== RECORD EXCERPTS ==
%%

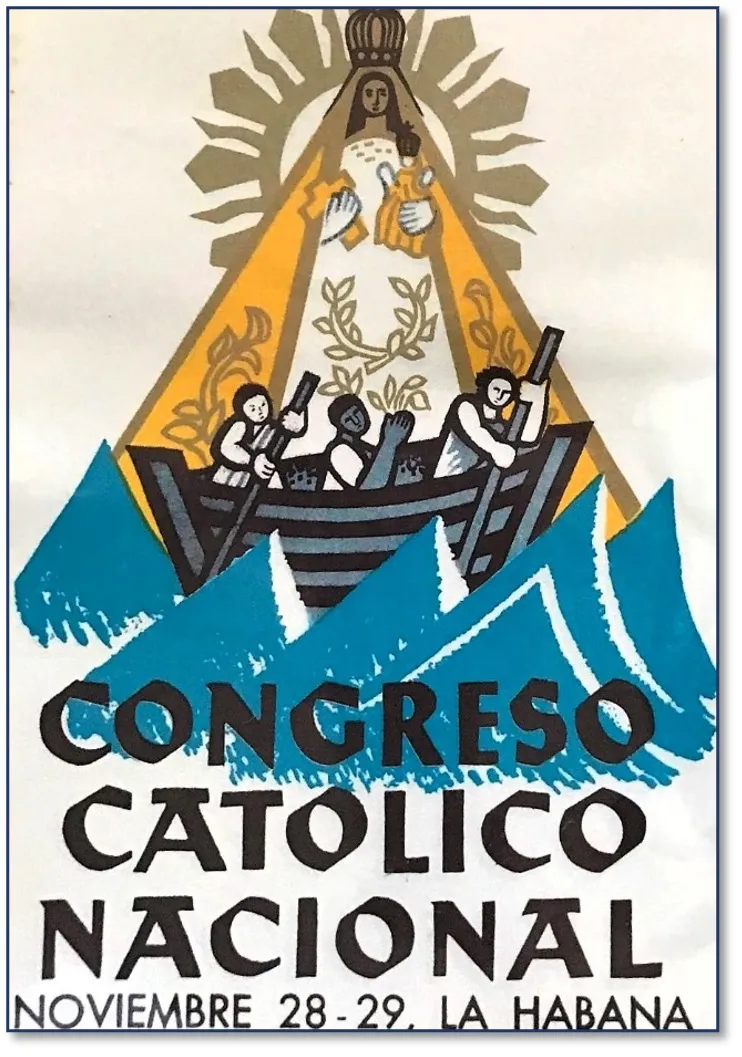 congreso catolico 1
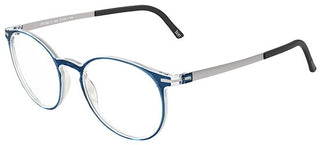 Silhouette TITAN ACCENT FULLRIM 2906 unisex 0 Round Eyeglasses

%%
%%

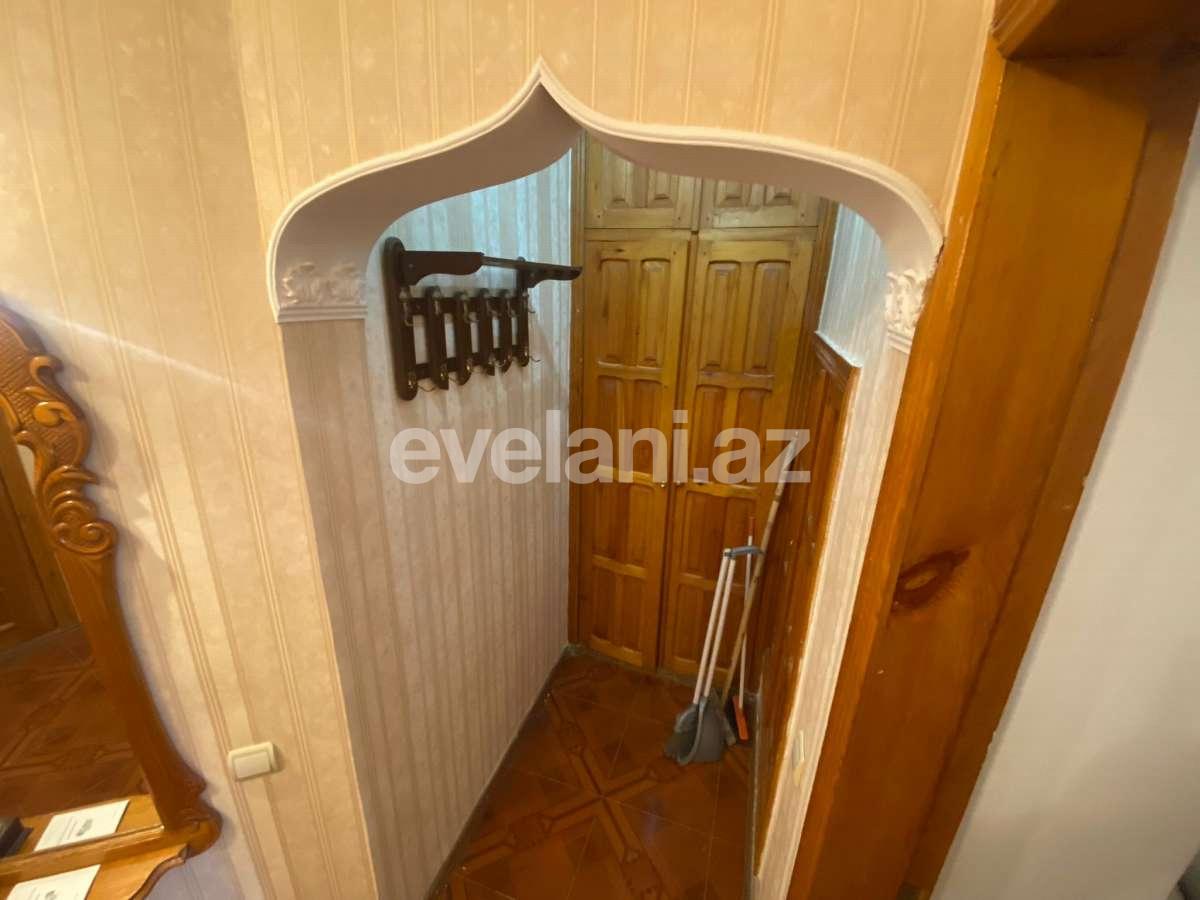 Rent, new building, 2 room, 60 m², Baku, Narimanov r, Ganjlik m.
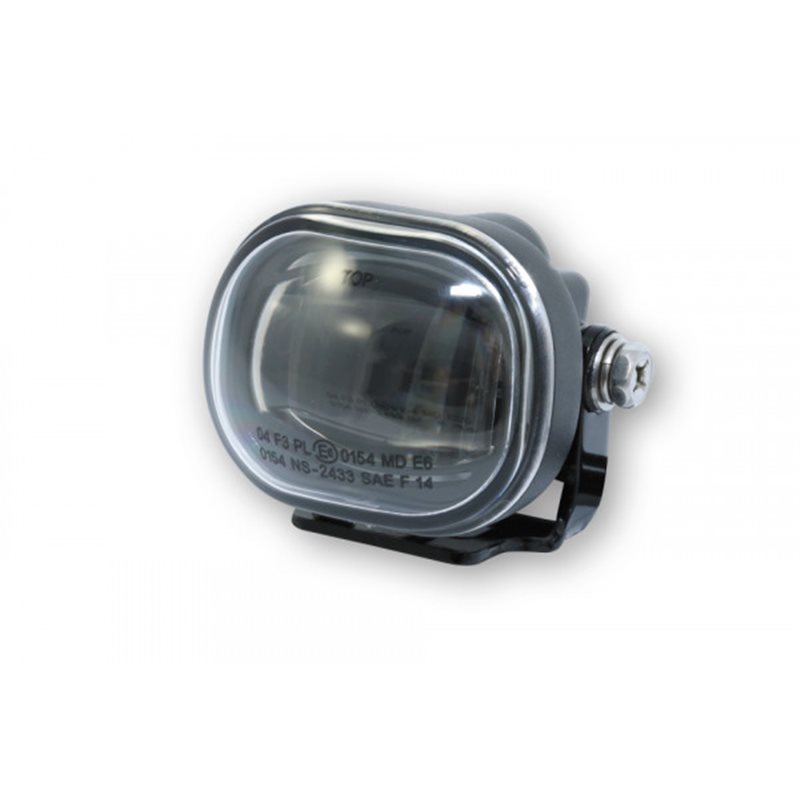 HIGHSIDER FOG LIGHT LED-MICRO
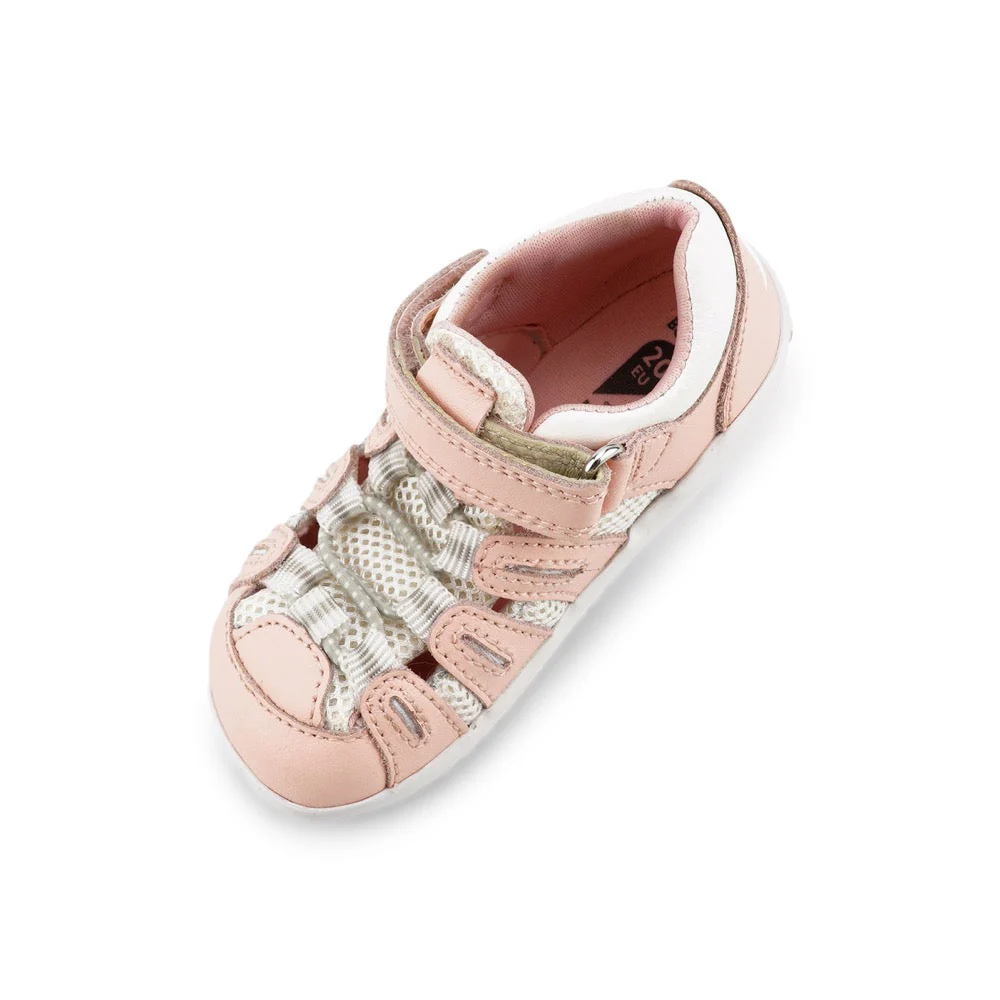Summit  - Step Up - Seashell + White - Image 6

%%
%%

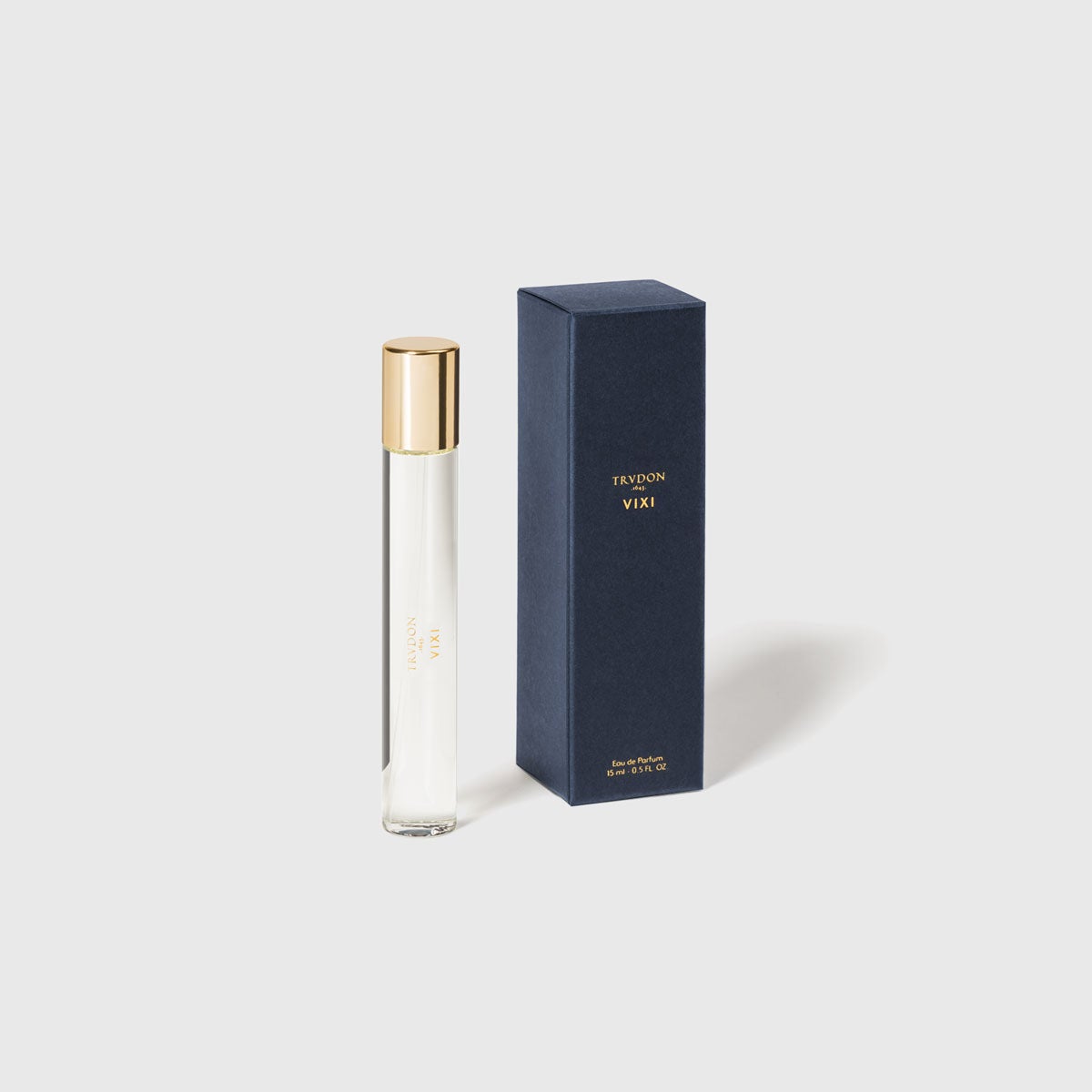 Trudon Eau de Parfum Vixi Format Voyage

%%

== YOUR TASK ==
Starting at the line above that contains "Rent, new building, 2", transcribe every line exactly through the line that contains "White - Image 6", including that last one, and skip the pictures.

== RESULT OF THE EXERCISE ==
 Rent, new building, 2 room, 60 m², Baku, Narimanov r, Ganjlik m.
 HIGHSIDER FOG LIGHT LED-MICRO
Summit  - Step Up - Seashell + White - Image 6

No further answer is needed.